C’est avec cette idée de bon sens de protéger les plus faibles que j’ai investi ma mission, avec ma culture de travailleur social, fruit de mes trois années passées en formation. Il aura fallu une grande capacité d’adaptation aux outils tels que les dispositifs d’accompagnement des personnes en difficulté. Que sont les dispositifs ? Ce sont les réponses concrètes apportée aux gens, après de grandes réflexions élaborées par nos élites politiques sur : quel est le problème ? et comment on y répond ? Alors, on met en place des procédures à suivre en fonction de la situation.
Ce qui est important pour le travailleur social, c’est de partir de la demande de l’usager (celle qui est formulée voire celle qui ne peut pas l’être car le problème est parfois trop douloureux) et de voir avec lui comment améliorer sa situation. On a souvent taxé le travail social de n’être que de l’assistanat, ce n’est pas vrai pour la majorité des personnes rencontrées. Il a pour objectif de rendre les gens un peu plus connaisseurs, autonomes et acteurs de leur situation de vie ; il comprend une grande part éducative et pédagogique que l’on tend à ignorer.

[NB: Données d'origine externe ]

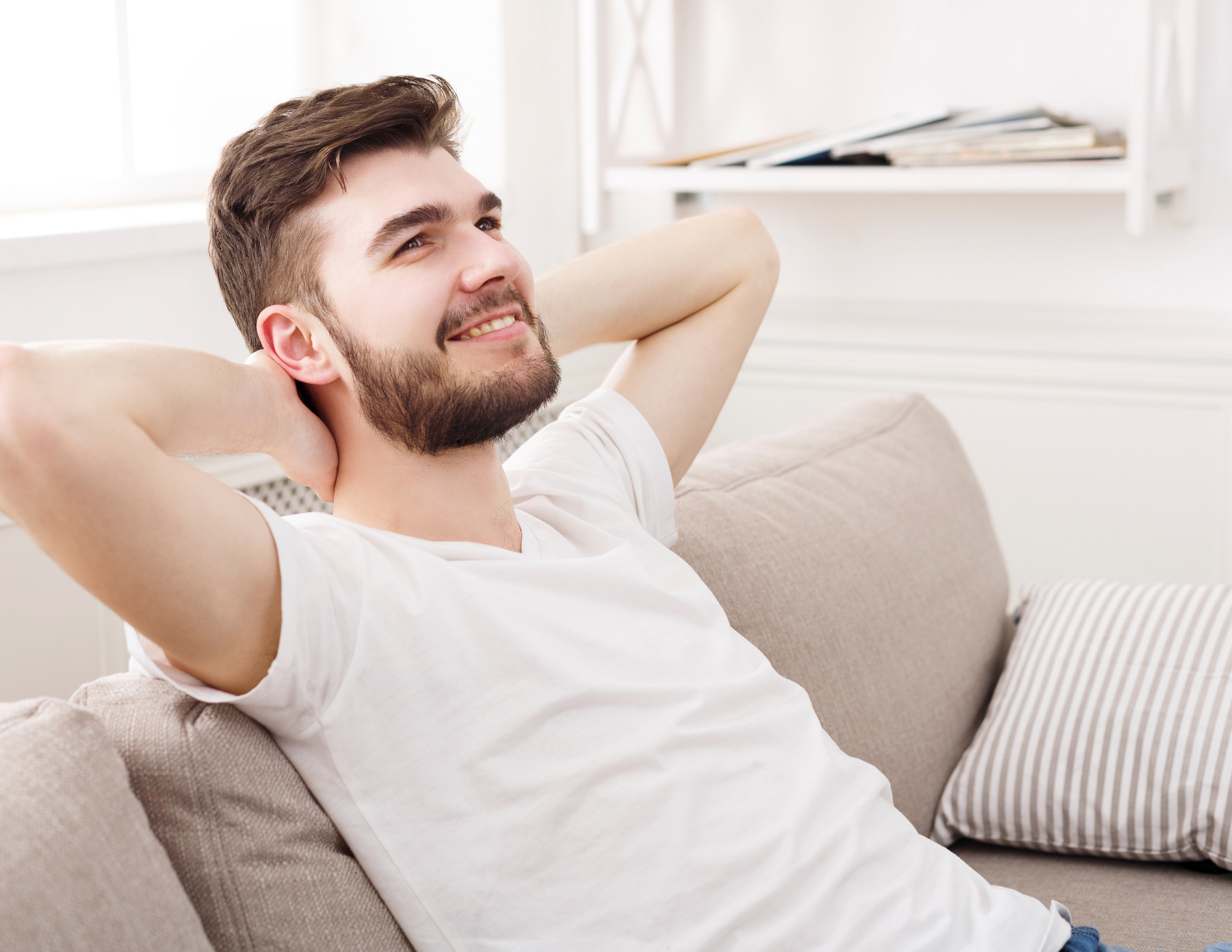 Man sitting on couch processing Ketamine experience in Ketamine-assisted psychotherapy integration session.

Je me suis contentée d’un contexte économique peu favorable au plein emploi, mais j’ai pu durant quelques années, exercer mon métier en m’y sentant en conformité avec les fondements culturels cités précédemment. Deux années m’ont éloignée de mon poste de travail que j’ai retrouvé récemment. J’ai le sentiment que ce n’est plus le même monde ; La culture Sarkozy est passée par là !
Aujourd’hui, à force de penser qu’on conduit une société, un pays, comme on gère une entreprise, on risque de perdre la dimension humaine du « super groupe ». ?! Si le seul objectif d’être ensemble est de faire du profit et des économies que nous reste-t-il de ce que nous ont transmis nos aînés ? C’est ce qu’ils appellent « Rationnaliser »

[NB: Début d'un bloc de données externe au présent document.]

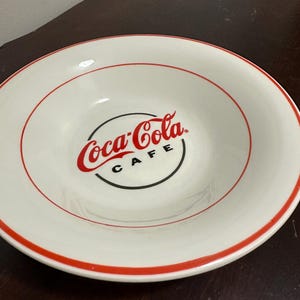 May include: White ceramic bowl with a red rim and the Coca-Cola Cafe logo in the center. The logo features the Coca-Cola script in red, with "CAFE" in black below. The bowl has a simple, classic design.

Alors « Rationnalisons » ! Peu importent les besoins réels, bien identifiés de nos pauvres dont le nombre ne cesse d’augmenter. Désormais, des gens biens pensants payés très cher nous disent sans cesse comment on est le plus efficace… au plus bas coût ! La notion d’efficacité devient, de fait, un peu plus floue. Les problèmes sociaux ne se décrètent pas, ils doivent faire l’objet d’observations et d’analyses. Pour observer il faut être présent, dans la proximité. Qui d’autres que les professionnels de terrain peuvent être les meilleurs témoins des dysfonctionnements qu’ils soient enseignants, infirmiers, juges, travailleurs sociaux ?

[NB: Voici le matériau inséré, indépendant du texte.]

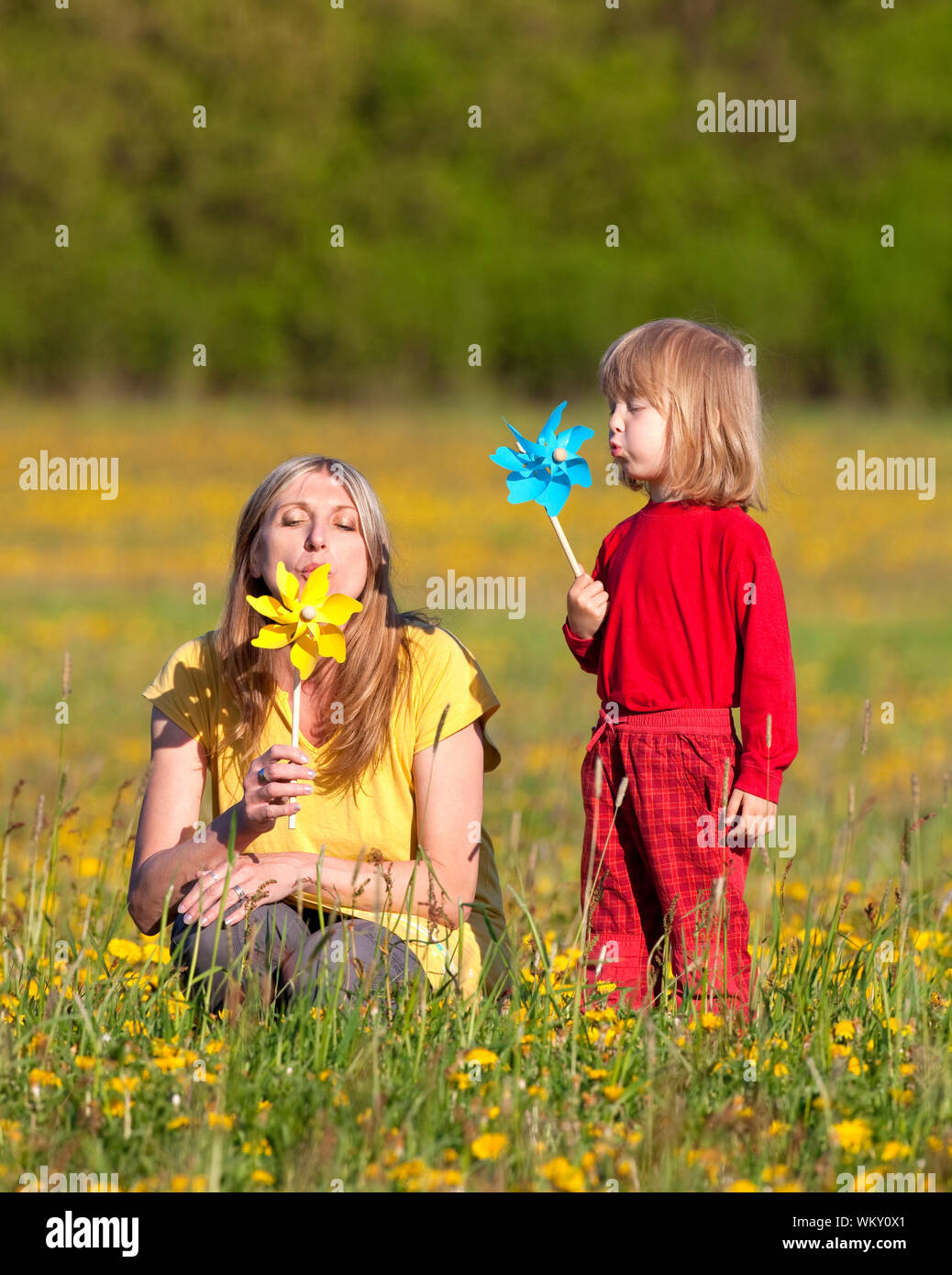mother and son playing with pinwheels in a dandelion field Stock Photo ...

C’est bien connu, ceux qui peuvent avoir un regard expert ne sont pas ceux qui se collent aux réalités des situations au quotidien ! Ceux qui savent ce que vivent les gens des banlieues « difficiles » (à vivre ou à gérer ?) sont ceux qui restent à Paris dans des bureaux à dorures ostentatoires, cachés derrière leurs statistiques. La Sacro Sainte loi du nombre ! Le QUANTITATIF, il n’y a que ça de vrai ! Faisons beaucoup… mal, mais beaucoup ! La qualité on s’en fout ! Tout cela crée une résonnance malsaine dans les Services Publics tels que le travail social, la justice, l’éducation ou la santé. Aujourd’hui on ne doit plus chercher à répondre à la demande de l’usager, mais adapter la réalité à la commande institutionnelle qui n’a plus que pour objectif la réduction de ses dépenses.
C’est toute cette culture noble du « collectif » au service de « l’individu » qui s’effondre, face à un contexte économique basé sur la gestion du profit qui a montré ses limites dans le service qu’il rend au plus grand nombre. On voit des salariés pris en otages de cette obsession du rendement. Je pensais que le capital devait être au service de l’humanité et non l’humanité prise en otage par le capital. Où allons nous comme çà ? Puisque la valeur humaine ne vaut presque plus rien, ma mallette à outils d’assistante sociale me semble bien légère. J’ai le sentiment qu’elle est devenue un matelas troué sur lequel on ne rebondit qu’une seule fois, car, à la deuxième on passe à travers… et on s’écrase.